Find "外賓問,中國有三條腿的驢?周總理說是的!這是怎麼回事? 外賓問,中國有三條腿的驢?周總理說是的!這是怎麼回事?" in the material below, then write out that line and every line after it exactly, ending with the last one; skip the pictures.

##### Collected material #####

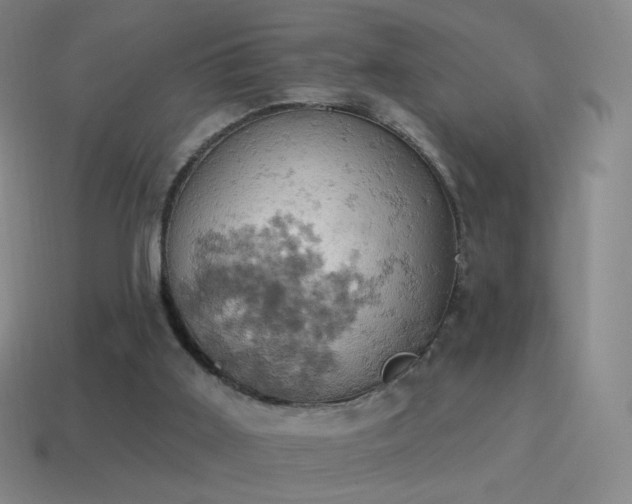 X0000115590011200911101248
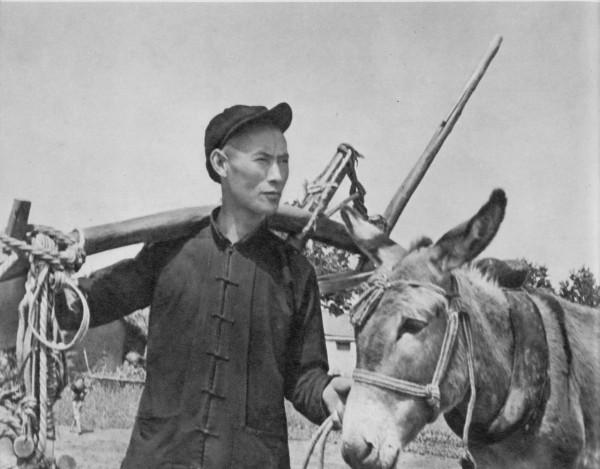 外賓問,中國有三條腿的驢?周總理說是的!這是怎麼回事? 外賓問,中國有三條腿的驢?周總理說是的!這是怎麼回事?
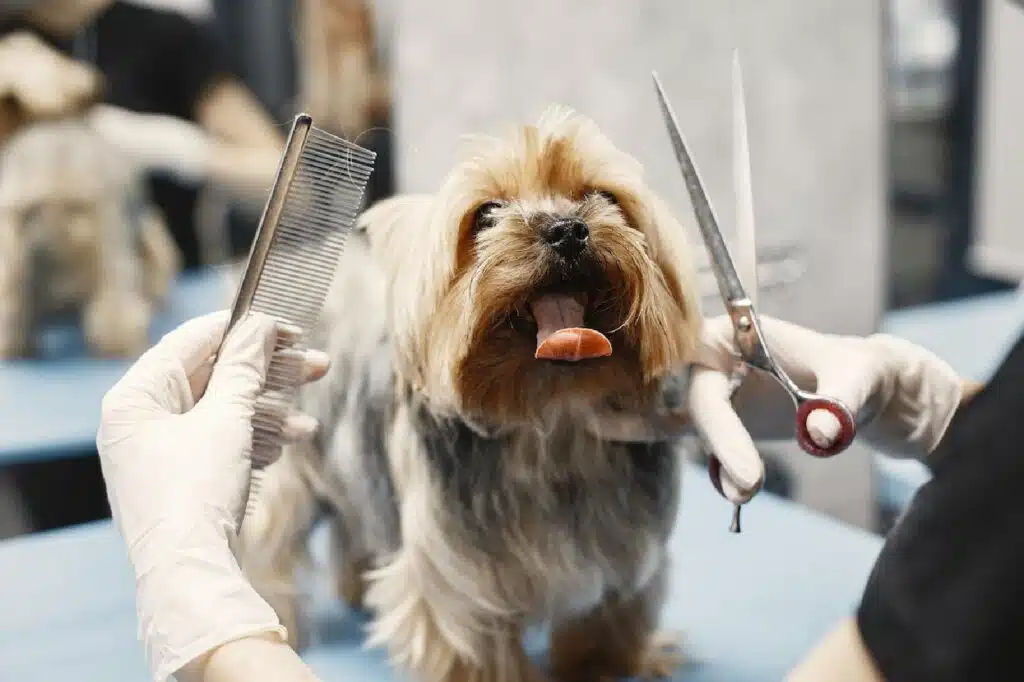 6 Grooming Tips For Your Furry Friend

#####

# Exercise response
 外賓問,中國有三條腿的驢?周總理說是的!這是怎麼回事? 外賓問,中國有三條腿的驢?周總理說是的!這是怎麼回事?
 6 Grooming Tips For Your Furry Friend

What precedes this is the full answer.